What Can Appear Inside The Published Pages

The final HTML pages can include a little more than a raw Markdown render:

  • docsfy can validate generated pages, detect stale references, and regenerate a page before the final render.
  • It can append a ## Related Pages section with links to other generated pages.
  • It can detect a project version and show it in the footer.
  • It can pre-render top-level Mermaid diagrams to inline SVG when mmdc is available.

The related-pages section is appended as plain Markdown links to other generated HTML pages:

if link_items:
    related_section = "\n\n## Related Pages\n\n" + "\n".join(link_items)
    updated[slug] = updated[slug] + related_section

Version detection checks common project metadata files and Git tags, then the footer renders the version if one was found:

def detect_version(repo_path: Path) -> str | None:
    """Auto-detect project version from common sources.

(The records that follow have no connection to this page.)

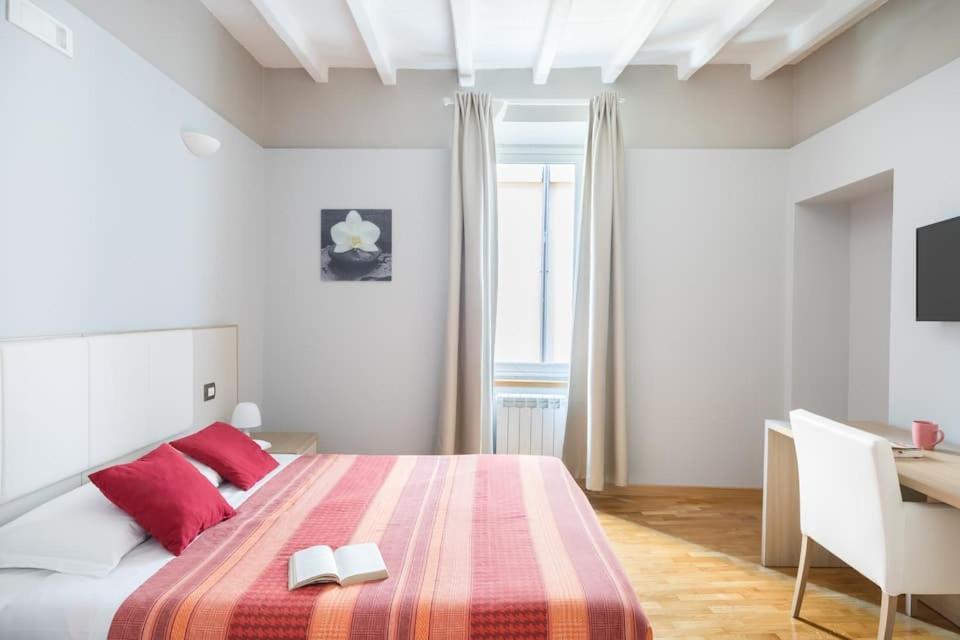 Spanish Steps House Vittoria ローマ エクステリア 写真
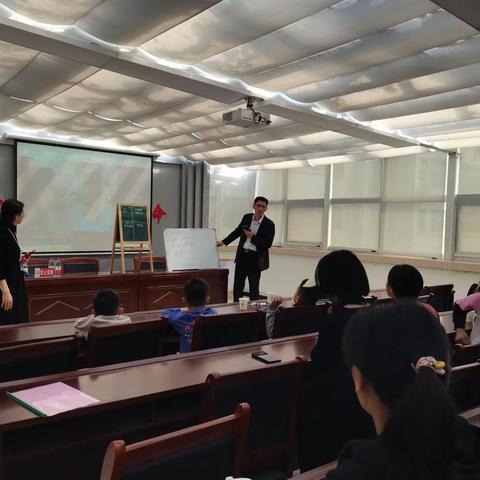 幸福办安康社区开展“青少年心理健康服务”专题讲座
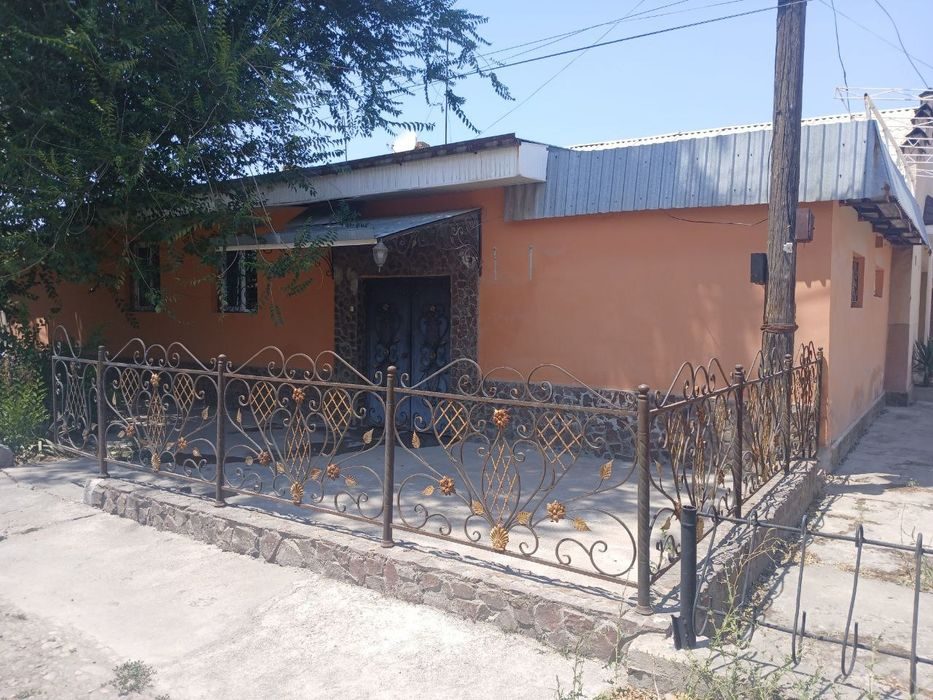 6-room cottage, 170 m², Нурафшан (Тойтепа), for sale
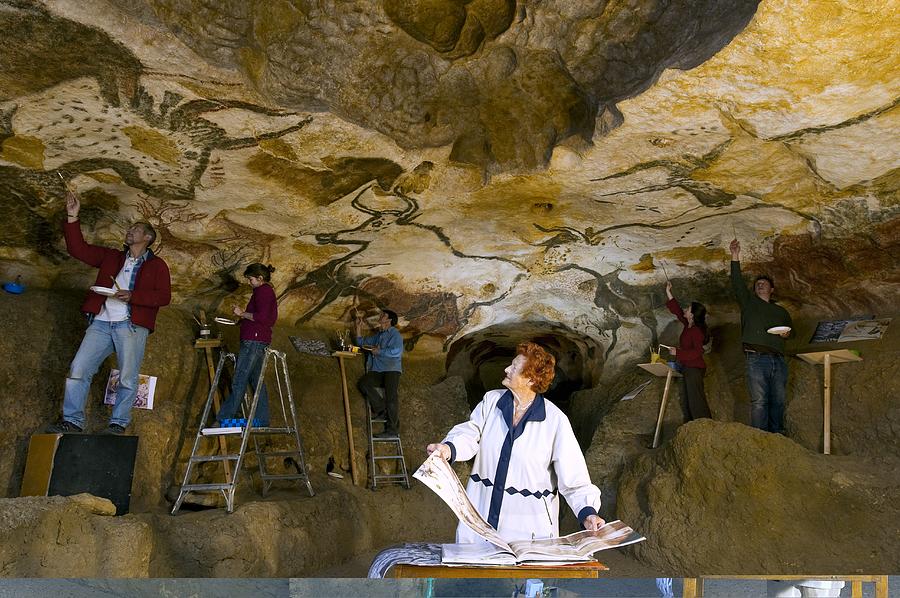 Restoring Lascaux cave paintings replica Photograph by Science Photo Library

    Checks in order: pyproject.toml, package.json, Cargo.toml, setup.cfg, git tags.
    Returns the first version found, or None.
    """
<footer class="page-footer">
    {% if version %}
    <span class="footer-version">Generated from version {{ version }}</span>
    <span class="footer-sep">&middot;</span>
    {% endif %}
    Generated with <a href="{{ docsfy_repo_url }}" target="_blank" rel="noopener">docs<span class="brand-accent">fy</span></a>
    <span class="footer-sep">&middot;</span>
    <span class="footer-llm">LLM-friendly: <a href="llms.txt">llms.txt</a> &middot; <a href="llms-full.txt">llms-full.txt</a></span>
</footer>

Mermaid rendering is opportunistic rather than brittle: if mmdc is installed, docsfy turns top-level Mermaid fences into inline SVG; if not, or if rendering fails, it keeps the original Mermaid block instead of failing the page.

if not shutil.which("mmdc"):
    logger.debug("mmdc not found, skipping Mermaid pre-rendering")
    return md_text
if in_mermaid and backtick_count >= mermaid_fence_len and not rest:
    mermaid_src = "\n".join(mermaid_lines)
    rendered = _render_mermaid_block(mermaid_src)
    if rendered:
        result.append(rendered)
    else:
        # Rendering failed -- restore original block
        result.append("`" * mermaid_fence_len + "mermaid")
        result.extend(mermaid_lines)
        result.append(line)

Tip: If you want a version in the footer, keep version metadata in a standard place such as pyproject.toml, package.json, Cargo.toml, or setup.cfg, or tag the repository.